Verurteilung wegen fahrlässiger Ordnungswidrigkeit nach GüKG/VO 881/92 zu 3.000 € Geldbuße

Gericht
Amtsgericht Köln
Spruchkörper
Abt. 807
Aktenzeichen
807 OWI 234/07
Datum
29.11.2007
Rechtsgebiet
Strafrecht
ECLI
ECLI:DE:AGK:2007:1129.807OWI234.07.00
Quelle
Das Amtsgericht Köln verurteilte den Betroffenen wegen einer fahrlässigen Ordnungswidrigkeit nach §§ 9 Abs.1 OWiG, 19 Abs.1a Nr.1, 7c S.1 Nr.1 GüKG i.V.m. Art. 3 Abs.1 VO/EWG Nr. 881/92 zu einer Geldbuße von 3.000 €. Das Gericht stellte Fahrlässigkeit fest und verpflichtete den Betroffenen zur Tragung der Kosten. Die Zahlung der Geldbuße wurde in monatlichen Raten von 500 € zugelassen; bei mehr als zehn Tagen Verzug wird die Restschuld sofort fällig.

Abstrakte Rechtssätze

1

Die Verletzung von Pflichten nach dem Güterkontrollgesetz in Verbindung mit Art. 3 Abs. 1 VO/EWG Nr. 881/92 kann als fahrlässige Ordnungswidrigkeit gemäß §§ 9 Abs. 1 OWiG, 19 Abs. 1a Nr. 1, 7c S. 1 Nr. 1 GüKG geahndet werden.

2

Bei Vorliegen der erforderlichen Fahrlässigkeit ist das Gericht befugt, eine Geldbuße zu verhängen; die Bemessung der Geldbuße richtet sich nach den gesetzlichen Kriterien und den Umständen des Einzelfalls.

3

Das Gericht kann dem Verurteilten aus Billigkeitsgründen oder zur Erleichterung der Vollstreckung Ratenzahlungen bewilligen und in der Zahlungsanordnung Verzugsfolgen, insbesondere die sofortige Fälligkeit des Restbetrags bei erheblichem Rückstand, anordnen.

4

Eine Verurteilung wegen einer Ordnungswidrigkeit kann zugleich mit einer Kostenentscheidung verbunden werden; die Kosten des Verfahrens sind regelmäßig dem Verurteilten aufzuerlegen.

Rubrum

1

Ausgefertigt

2

als Urkundsbeamtin der Geschäftsstelle

Tenor

Der Betroffene wird wegen einer fahrlässigen Ordnungswidrigkeit gemäß §§ 9 Abs. 1 OWiG, 19 Abs. 1a  Nr. 1, 7c S. 1 Nr. 1 GüKG  iV. m. Art. 3 Abs. 1 VO/EWG Nr. 881/92,

zu einer Geldbuße von 3000,-- EURO kostenpflichtig verurteilt.

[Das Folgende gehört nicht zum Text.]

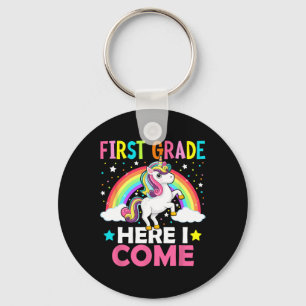 Grade Here I Come Unicorn Back To School 1st Grade Key Ring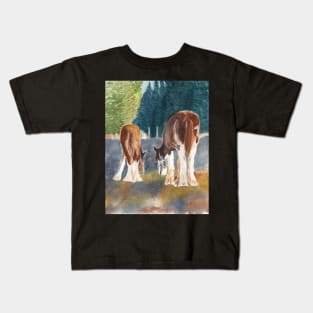 Pasture Butties, Two Clydesdale Colts in Winter Sunlight Kids T-Shirt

Dem Betroffenen wird gestattet, die Geldbuße in monatlichen Raten von 500,-- € zu zahlen, beginnend ab dem 1. Monat der auf die Rechtskraft des Urteils folgt, jeweils zum 3. Werktag des Monats.

Gerät der Betroffene mit einer Rate mehr als 10 Tage in Zahlungsrückstand, ist der gesamte Restbetrag sofort fällig.